Unfortunately, exports have never been our prime objective

From Shamim Ahmed Rizvi, Islamabad
Mar 26 - Apr 01, 2001

The Chief Executive General Pervez Musharraf has said that he was very keen to see that Pakistan crossed the barrier of 10 billion dollars export this year. He remarked he was not happy with 8/9 per cent increase in our exports as the potential was tremendous which we have so far failed to harness.

While speaking at the inauguration of Pakistan Hand-knitted Carpet Exhibition at Expo Centre Karachi, he said that he expected an annual increase of 25 to 30 per cent until we doubled our export volume. He rightly observed that Pakistan's export target of 10 billion dollars was too small. He compared Pakistan's export with Malaysia of $70 billion and other Asian countries having still higher level. Keeping in view of the size of the country, in terms of both territory and population, and its resources, its exports are disappointingly low.

While fully agreeing with the Chief Executive one cannot ignore the ground realities. Exports cannot be jacked up, merely by setting higher targets in various sectors unless the industry is oriented that way and the necessary policy support, back-up efforts and resources are in place to make it happen. Exports in fact reflected the stage of development of an economy and the vitality and dynamism that it had or had not gained in the process. Unfortunately, exports have never been our prime objective in developing our manufacturing sector and still it does not seem to be the case going by the policies and efforts impacting upon this sector.

Being a highly consumption-oriented society with a high degree of mal-distribution of income, we concentrated primarily on import substitution in our development efforts.

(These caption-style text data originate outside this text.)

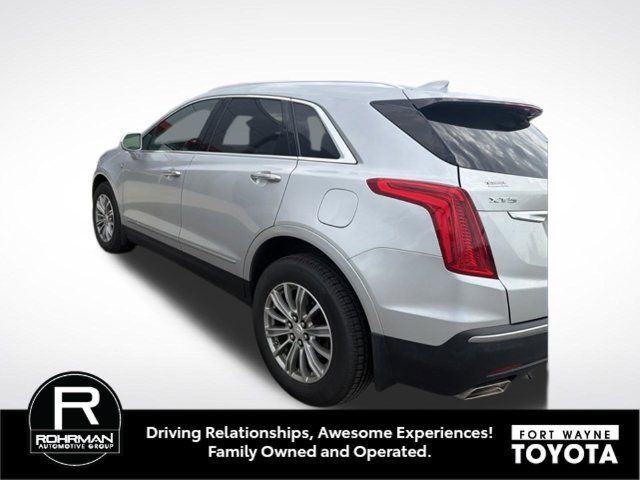 Used 2017 Cadillac XT5 Luxury w/ Driver Awareness Package FWD image 6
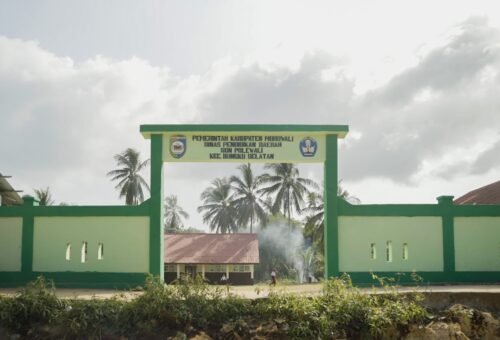 Peningkatan Fasilitas Pendidikan di SDN Polewali oleh Satgas TMMD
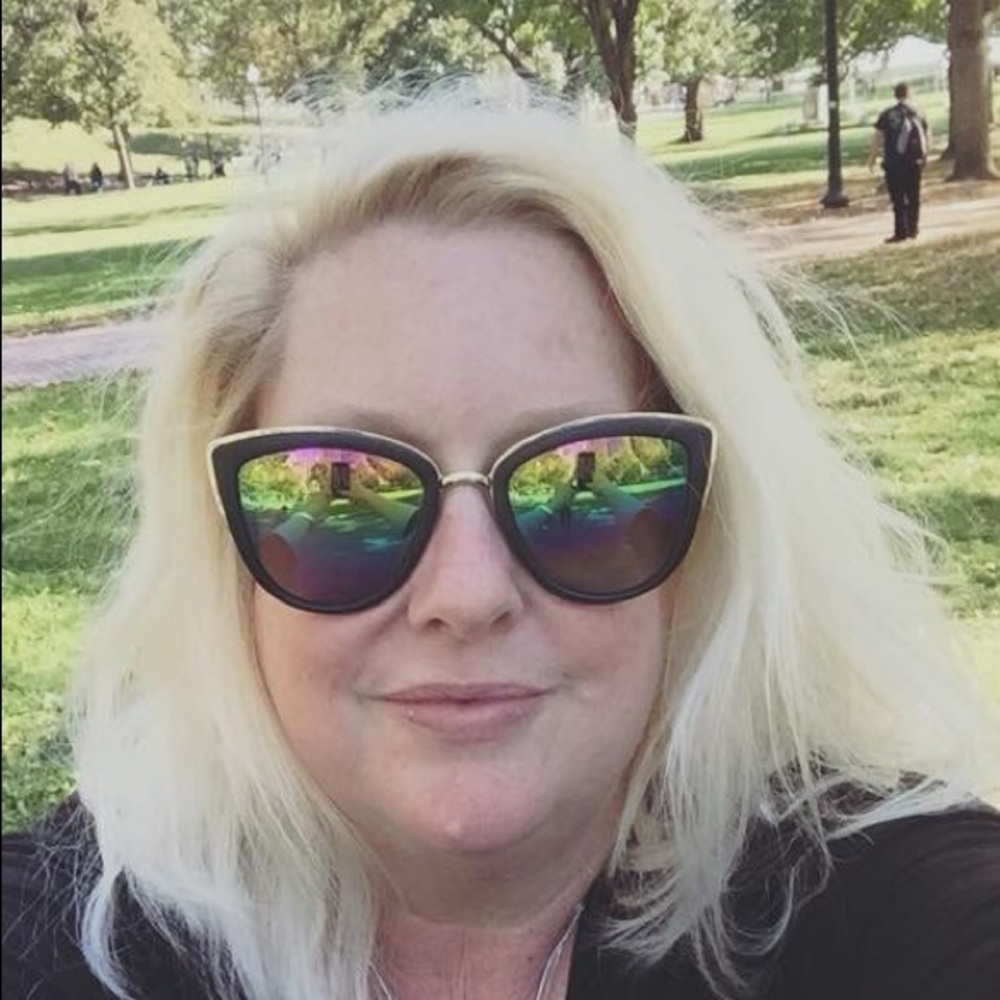 Meet your Posher, Samantha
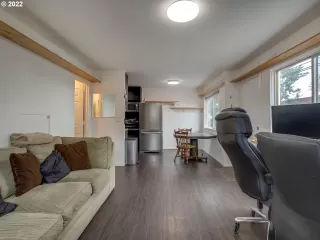 Photo #6: 22129200 Listing 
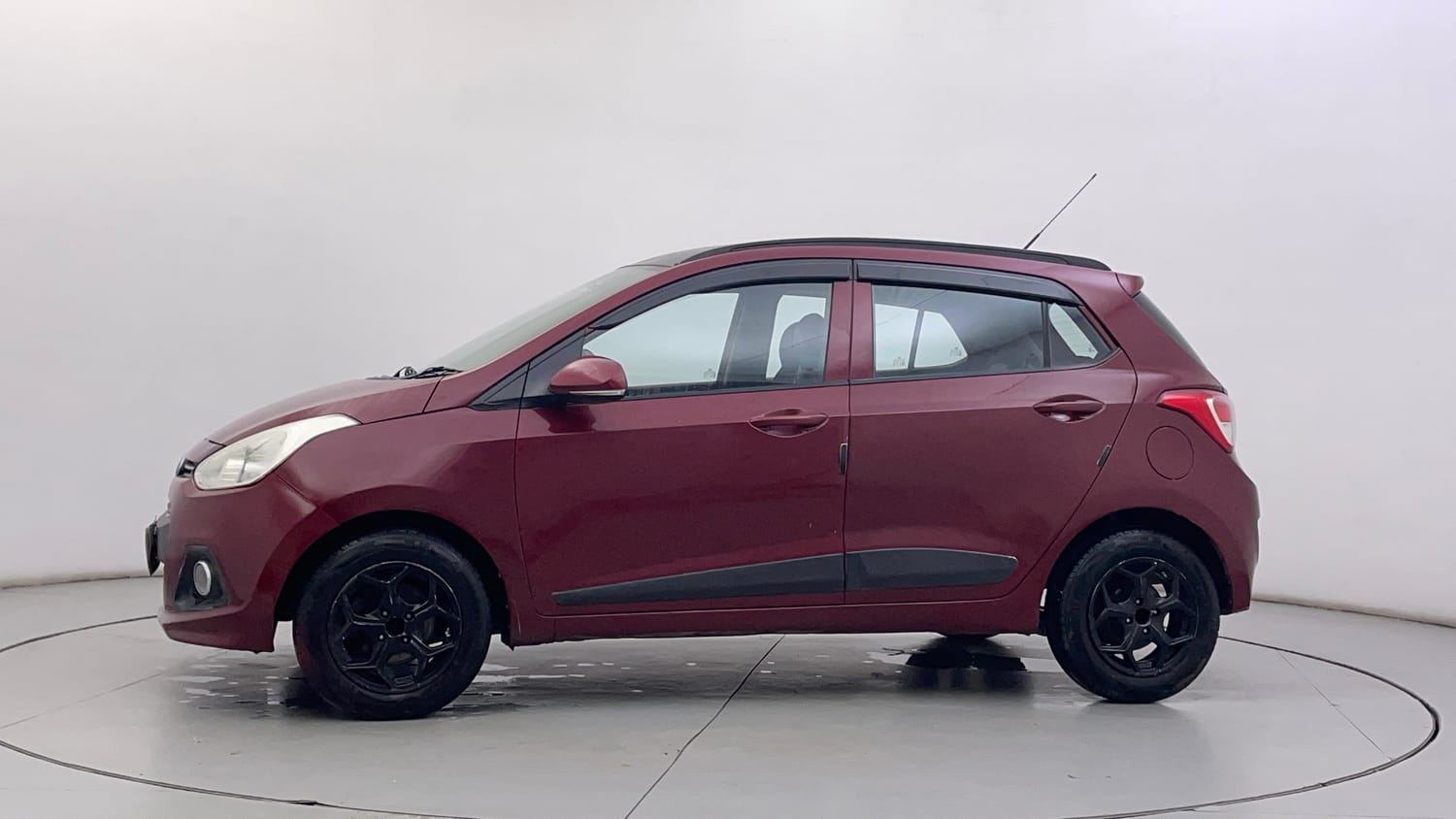 Used 2015 Hyundai Grand i10 Sportz 1.2 Kappa VTVT Petrol Manual exterior LEFT SIDE VIEW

The area of consumption continued to widen from textiles to a variety of motor vehicles. Since these industries grew behind the high walls of protection and nurtured with heavy doses of subsidies in a variety of ways, these have not grown out of their infancy yet. Today our main industries like cement, sugar, engineering, pharmaceutical, fertilizer chemicals, metal, tire and tubes, etc, are not in a position to compete in the open market.

Not an easy target

Though the budgetary projected export target of $ 10 billion looked difficult from the very beginning, the $9.3 billion export target as agreed with IMF does not sound easier, either. The relatively flexible and accommodative approach of IMF, though reassuring as far as the future relations with donors are concerned, but points towards the bleak economic scenario in the days to come. Deficits of budget and balance of payments are the mother of all economic ills and particularly so for a country like Pakistan whose prolonged dependence on economic aid has badly shattered the macroeconomic balance, with the result that the debt servicing has become the largest signal strain on the national resources. The government's inability to achieve the export target despite repeated claims can hardly be overlooked. Improvement on the export front after seven months is encouraging but what is necessary is to continue with the trend. The surge in the trade deficit to $ 1.18 billion during July-February 2000-2001 has added further to the urgency to raise exports and reach as closer to the $ 10 billion exports target as possible. The exports of seven-month period have revived hopes to some extent but it can harldy be advisable to be complaisant in this highly competitive market of fluctuating fortunes.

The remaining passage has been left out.